Close plantings help conserve moisture in the long, hot summer

CONTRAST: Mass colour effects can be created or a large kaleidoscope of mixed colour.

During the long hot period between spring and early autumn anything one can do to shade the surface of soil is extremely beneficial.
It delays or, even better, prevents the surface from hardening and capillary evaporation pores from forming and descending into the soil mass.
In the book now available from Amazon books ‘How to use less water in your garden’ some 35 ways of mulching and improving existing mulches are presented for you to use as a check list of what to try next.
One form of mulching that is often overlooked is live ground cover plant mulching, i.e. the close planting of plants so that their foliage touches and overlaps. This can also be referred to as carpet planting.
There are several important benefits to plant mulches:
• It keeps the surface of the soil shaded and therefore reduces the chance of it being baked like a brick by the sun and reducing the losses of moisture by capillary action through hard baked layers of soil.
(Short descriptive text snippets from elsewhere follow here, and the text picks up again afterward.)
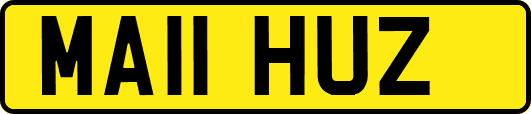 MA11HUZ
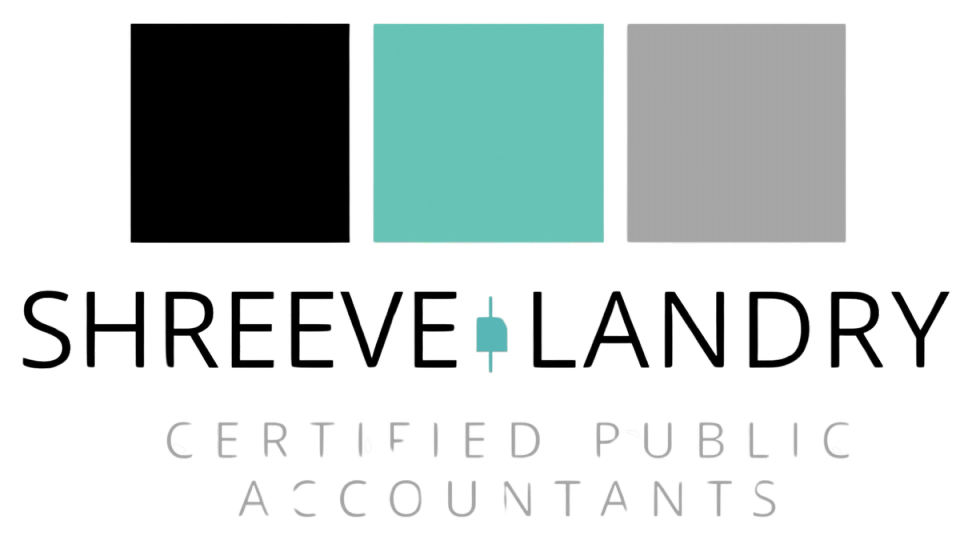 Shreeve Landry CPA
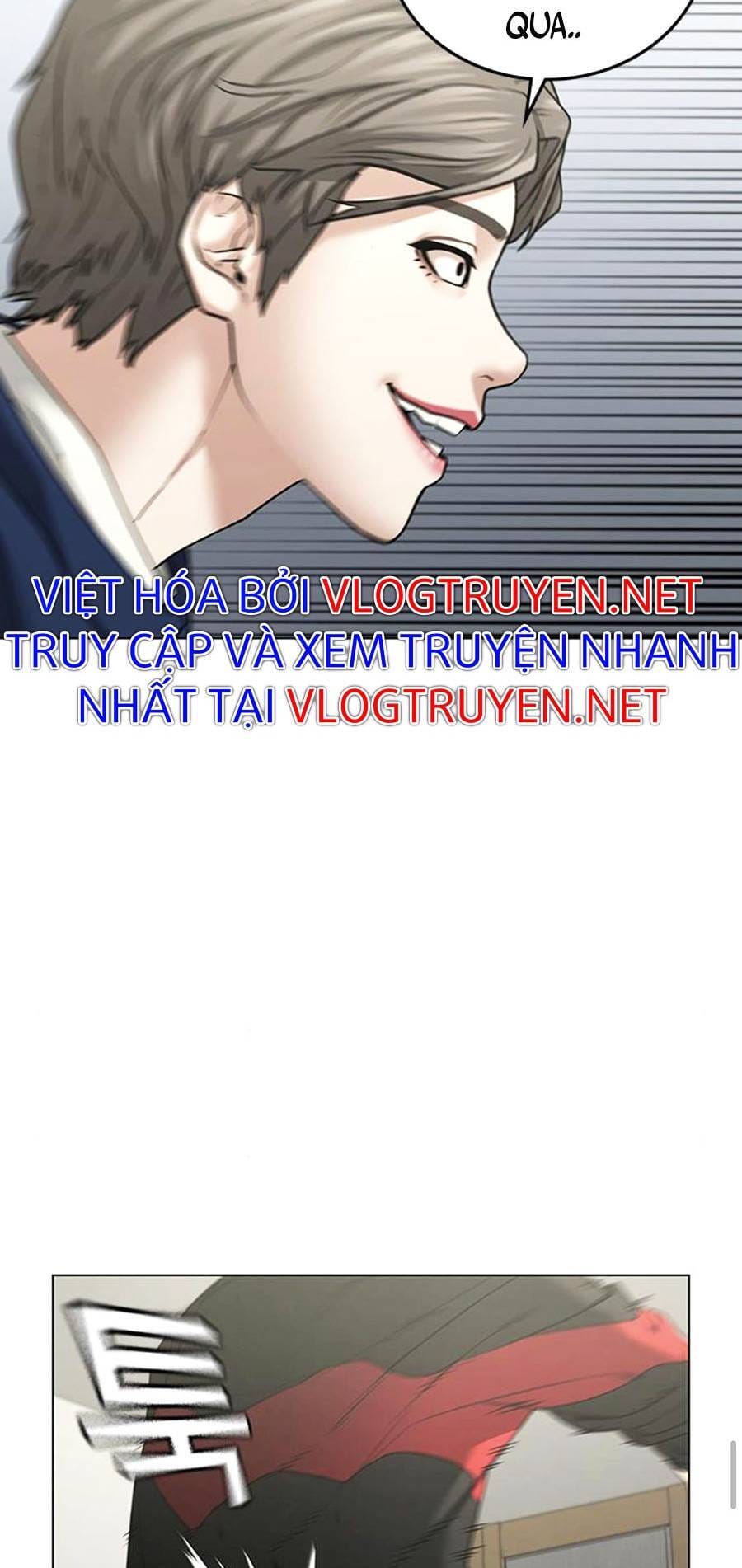 Truyện Tranh Nhiệm Vụ Đời Thật trang 5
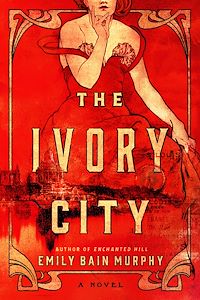 Download this ebook The Ivory City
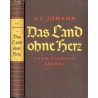 Das Land ohne Herz. Eine Reise ins unbekannte Amerika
• It can be permanent 365 days a year and does not degrade or rot down in time.
• The germination of weeds is discouraged as they would be in shade, and if some do germinate and start to grow they are likely to be stunted by the dark and soon die or chase up to the light and then die when the weak growth dries up in the sun.
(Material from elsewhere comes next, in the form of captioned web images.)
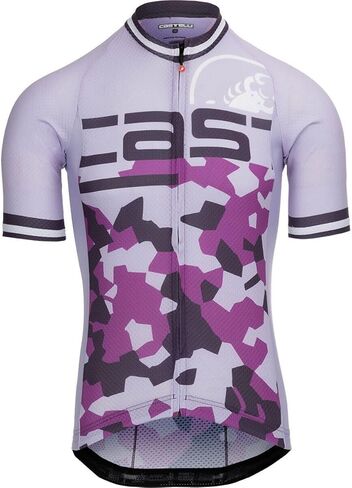 CASTELLI, Attacco Limited Edition Jersey - Men's in Saudi Arabia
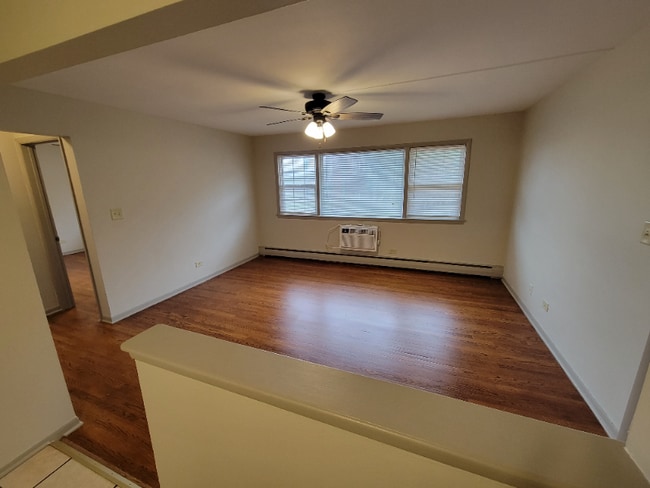 property at 701 Lake St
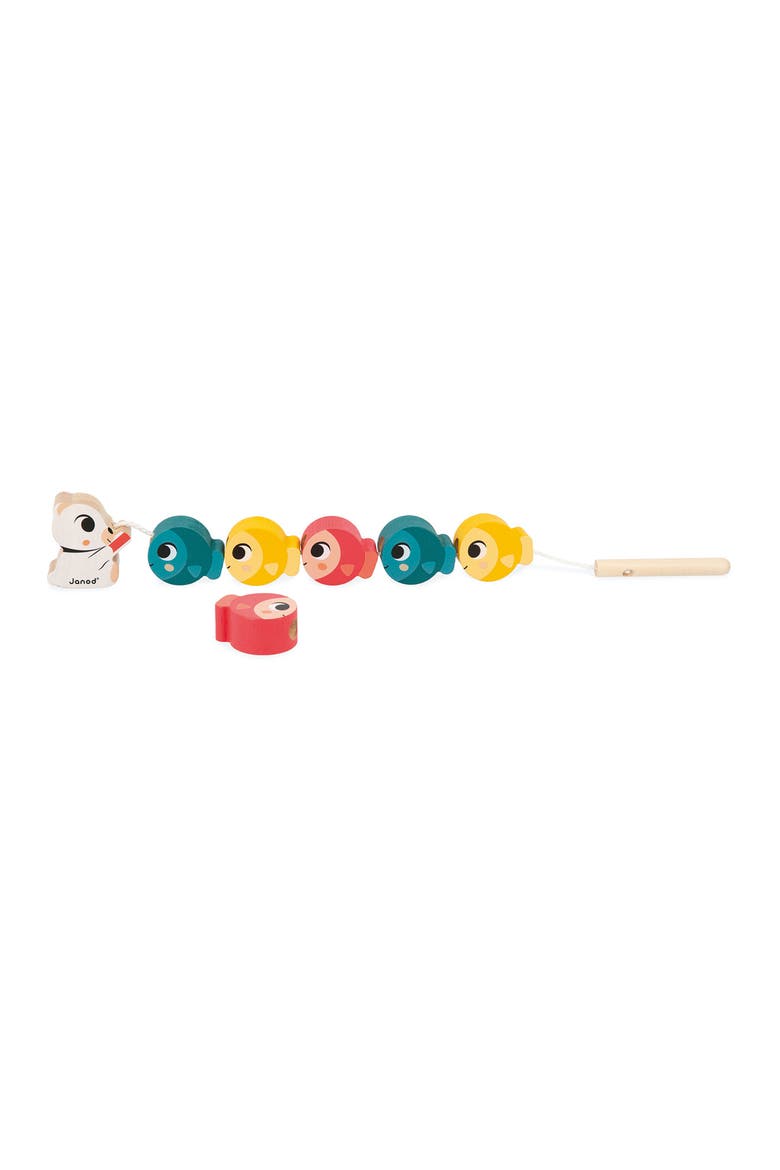 Developmental Activity Box - 18 Months & Up, Alternate, color, YELLOW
• There is an increased chance of low growing branches touching the soil and self rooting. This leads to extra supplies of moisture, extra roots to hold soil banks together and the production of daughter plantlets that can be severed from the parent plant and dug up for transplanting elsewhere.
• Provision of shade for beneficial lizards, toads, frogs and earthworms. The shade might however also attract snails and slugs but if this is seen to occur ecological snail/slug bait such as Neudorff’s Ferromol Anticlimacos can be sprinkled beneath the dense leaf cover to do its job invisibly.
• Provide natural insecticide effects. For instance planting rose or lemon scented graveolens  geraniums that are not attacked by the geranium moth amongst plants of other varieties that are. Or surrounding beds with a row of thyme plants that have a mild insecticide effect.
• The creation of mass colour effects, both masses of one colour or a large kaleidoscope mixed colour effect.
As discussed in Chapter 2.6 of ‘Your Garden in Spain – From planning to planting and maintenance’ we see the process of deciding on plantings as ‘painting with plants’, the predominant colour of gardens being green ranging from bright yellow greens to more sombre, to blue greens.
When designing carpet mulches the plants close planted can be:
• All of the same type such as the circle of trailing purple lantana under our Bird of Paradise tree and a large bed of lavender.
• Mixes of different types for colour effects such       as our densely-planted rockery.
• A mix of plants that are in leaf and in flower at different times of the year. For instance a mass of flowering spring bulbs under the bare pruned skeleton of branches of a lantana bush, which will be smothered when adjacent lantanas leaf up and intermingle to create a continuous summer ground cover.
• A mix of long-term survivors and sacrificial plants. For instance, where slow growing plants like low growing spreading junipers and the spreading variety of rosemary are to be the long- term ground cover, herbaceous sacrificial plants can be planted in the initial gaps  recognising that they will be smothered and die in time.
Carpet planting can also be used when growing vegetables such as lettuces in the open ground or on a growing table on an apartment terrace.
Interesting designs can be created by close planting a mix of the various green and red leafed varieties.